◆ **PROBLEM STATEMENT**
Take the material below and extract the lines from the one with "AI agent collaborating" through the one with "Stylish Loafers for", word for word, without pictures.
-- DATASET ENTRIES follows --
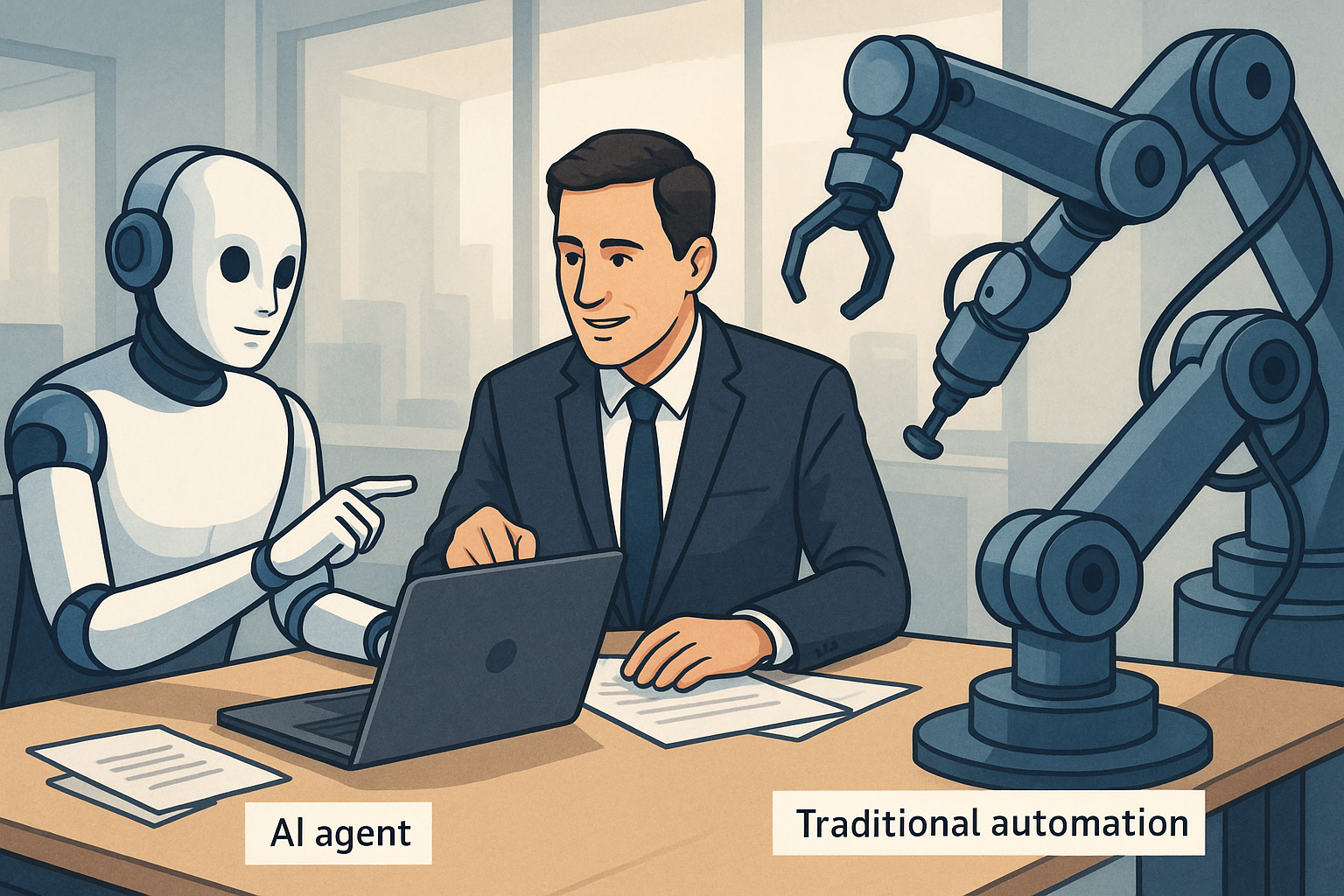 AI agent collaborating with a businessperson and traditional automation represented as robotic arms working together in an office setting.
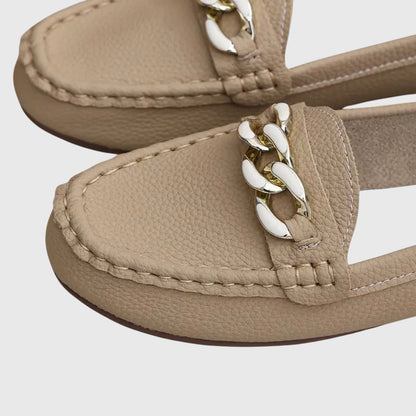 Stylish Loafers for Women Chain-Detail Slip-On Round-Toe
-- DATASET ENTRIES concluded --
-- DATASET ENTRIES follows --
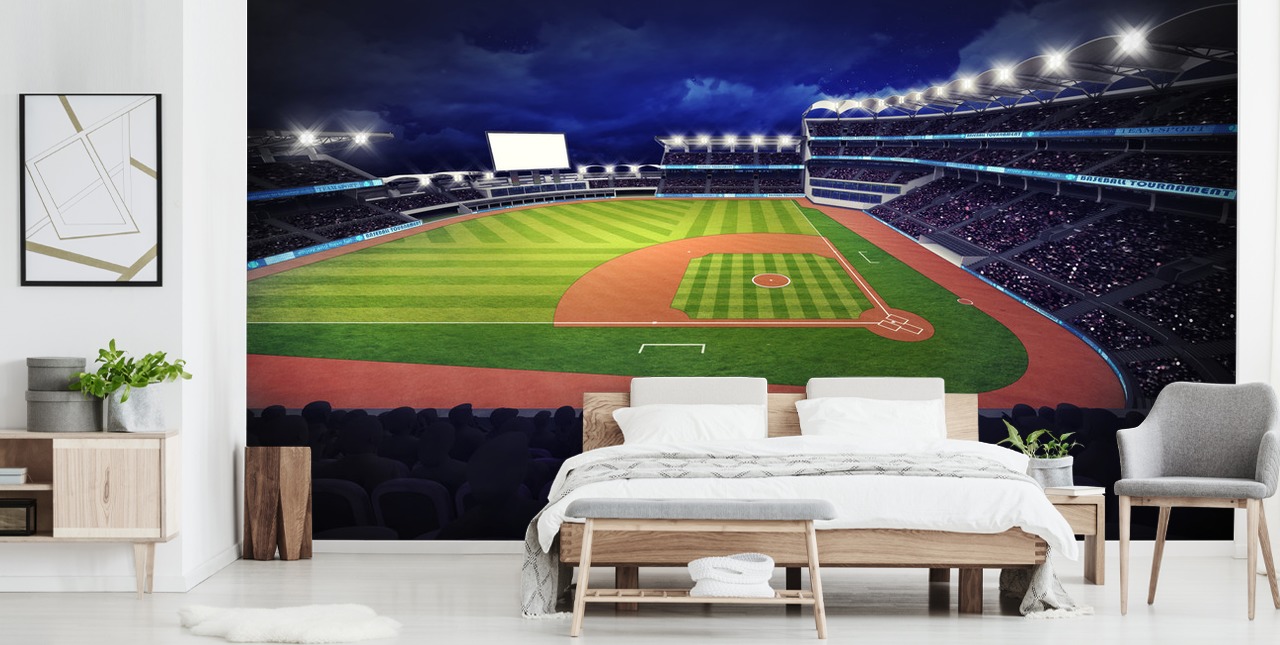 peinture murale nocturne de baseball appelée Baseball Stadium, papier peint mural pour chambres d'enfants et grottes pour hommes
-- DATASET ENTRIES concluded --
◆ **REPLY TO THE TASK**
 AI agent collaborating with a businessperson and traditional automation represented as robotic arms working together in an office setting.
 Stylish Loafers for Women Chain-Detail Slip-On Round-Toe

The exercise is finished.